CABUL — A jornalista afegã e defensora dos direitos das mulheres Mena Mangal foi morta a tiros na manhã do último sábado em Cabul , em plena luz do dia. Mangal, que atualmente era conselheira da comissão de assuntos culturais do Parlamento do Afeganistão, foi alvejada nove vezes quando ia para o trabalho. Segundo a polícia, ainda não está claro se o assassinato foi um atentado terrorista ou um ataque direto à ativista. Parentes disseram a jornais locais que Mangal tinha “problemas” com seus ex-sogros.

A ativista era conhecida por uma carreira de mais de dez anos como apresentadora em canais de TV locais como a LEMAR TV, Shamshad News e Ariana TV. Notória defensora da educação feminina e combatente ativa contra a prática de casamentos forçados — ela própria  se divorciou apenas este mês do homem com quem foi obrigada a casar, em 2017 —  Mangal atuava principalmente em temas ligados aos direitos das mulheres no país, um dos mais repressores de gênero do mundo.

Poucos dias antes, ela afirmara nas redes sociais que sua vida corria perigo.

“Esta mulher já havia compartilhado que sua vida estava em perigo. Por que nada aconteceu? Precisamos de respostas”, disse Wazhma Frogh, advogada afegã de direitos humanos e defensora dos direitos das mulheres, em um post no Twitter. “Por que é tão fácil nesta sociedade [para os homens] continuar matando as mulheres com quem eles discordam?”.

Uma das suas colegas no Parlamento, Shagufa Noorzai, afirmou que a morte  é mais um entre os muitos ataques às mulheres nas ruas de Cabul. E lembrou de outras mulheres que foram raptadas, violentadas e queimadas nos últimos meses.

Violência doméstica e sequestro

Além das questões políticas, a polícia investiga problemas familiares. Mangal tinha apenas 14 anos quando foi prometida em casamento pela família ao ex-marido, Jawed. Depois de ficarem noivos por quase 10 anos, eles se casaram há dois.

O noivado, no entanto, foi turbulento. Jawed fez várias ameaças aos pais da jornalista de que a mataria caso não cumprissem sua promessa. Eles cederam, mas poucos dias depois do casamento, parentes do marido levaram Mangal à força a um local isolado onde a espancaram e a torturaram. Logo depois, ela pediu o divórcio.

Após uma longa batalha judicial, um tribunal reconheceu finalmente a separação no início deste mês. Dias depois, a ativista, de 27 anos, foi encontrada morta em uma poça de sangue em um bairro de Cabul, após ter sido baleada várias vezes.
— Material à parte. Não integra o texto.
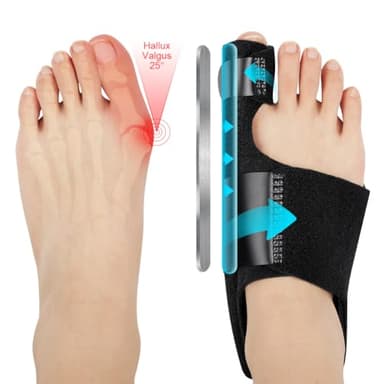 ACWOO Correcteur Hallux Valgus, Réglable Redresseur Orteil Utiliser Jour et Nuit, 2 x Ecarteur d'orteil Oignon 2 x Correcteur Silicone, Kit Oignon Pied Correcteur de Oignon pour Femmes et Hommes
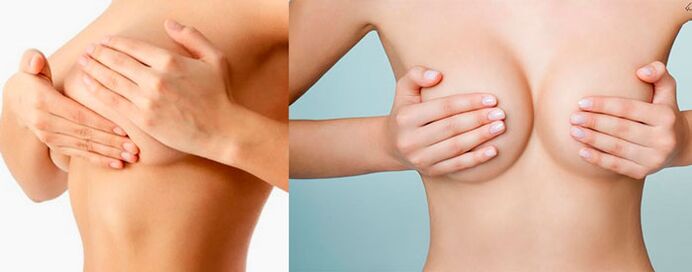 Auto-massage pour l'augmentation mammaire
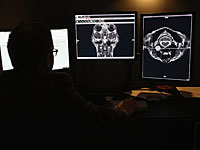 Рентгенологи ужесточают борьбу за свои права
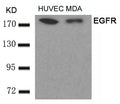 Western blot analysis of extracts from HUVEC and MDA cells using EGFR(Ab-693) Antibody.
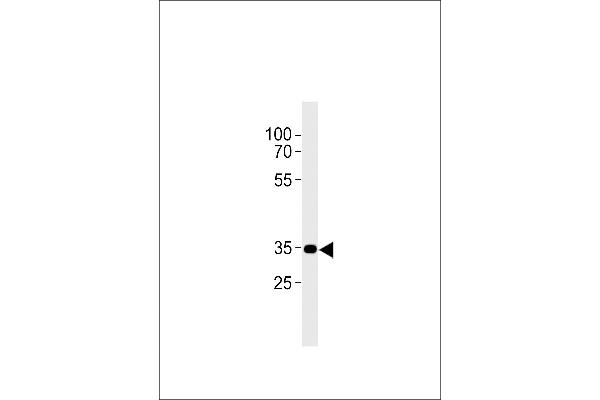 CNR2 antibody  (C-Term)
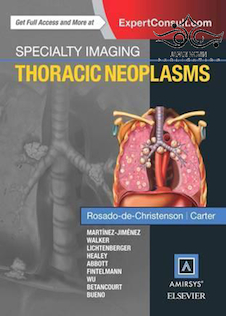 عکس Specialty Imaging: Thoracic Neoplasms 1st Edition2015 تصویربرداری تخصصی: نئوپلاسم های قفسه سینه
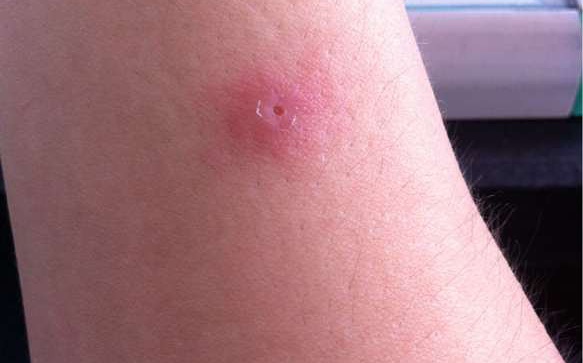 杭州深夜，他们集体被“袭击”！紧急送医……确认是马蜂蜇伤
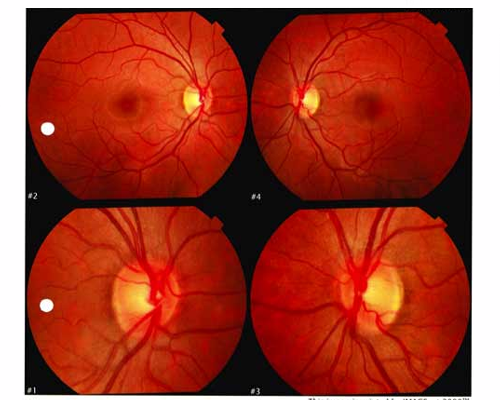 Optic Neuritis Case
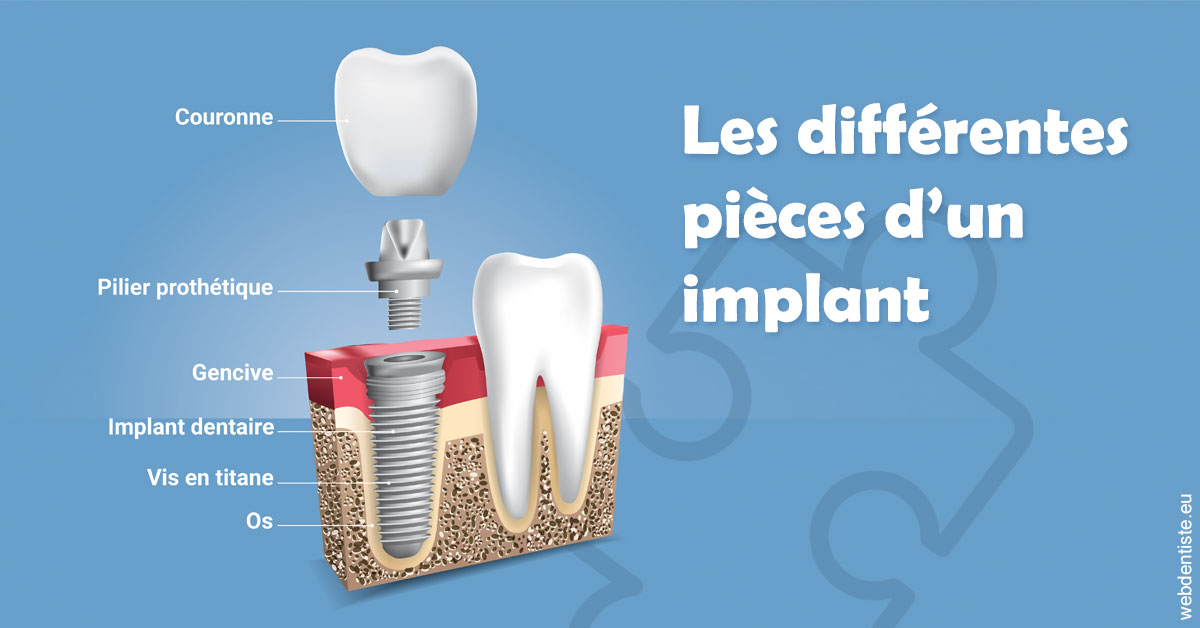 https://www.centre-dentaire-asnieres-les-gresillons.fr/Les différentes pièces d’un implant 1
Sua mãe, Anisa Mangal, acredita que a família de Jawed esteja envolvida no assassinato.

— Ela sofreu opressão desde o dia em que ficou noiva até ao casamento —  disse um dos parentes ao canal Tolo News.

O Afeganistão assistiu a vários assassinatos de mulheres em cargos públicos nas últimas duas décadas, incluindo policiais, políticas, educadoras, estudantes e jornalistas. A Anistia Internacional classificou o país como o pior lugar do mundo para ser mulher — atacadas por ir à escola ou trabalhar. O país também tem altos níveis de estupro e violência doméstica, além de abusos físicos e sexuais por forças do Estado, casamentos forçados, inclusive infantis, e mortes por “questões de honra”.

Segundo um relatório do Repórteres sem Fronteiras, 2018 foi o ano mais letal para jornalistas no país desde a queda do regime Talibã, em 2001, quando 15 jornalistas e trabalhadoras da mídia foram mortas.

O porta-voz do Talibã Zabihullah Mücahid anunciou novas negociações de paz em Doha para acabar com a guerra no Afeganistão —  e revelou que as mulheres também estariam na delegação. O grupo foi o responsável pela tentativa de assassinato da jovem estudante e ativista paquistanesa Malala Yousafzai , baleada na cabeça quando ia para a escola em Mingora, maior cidade do Vale de Swat.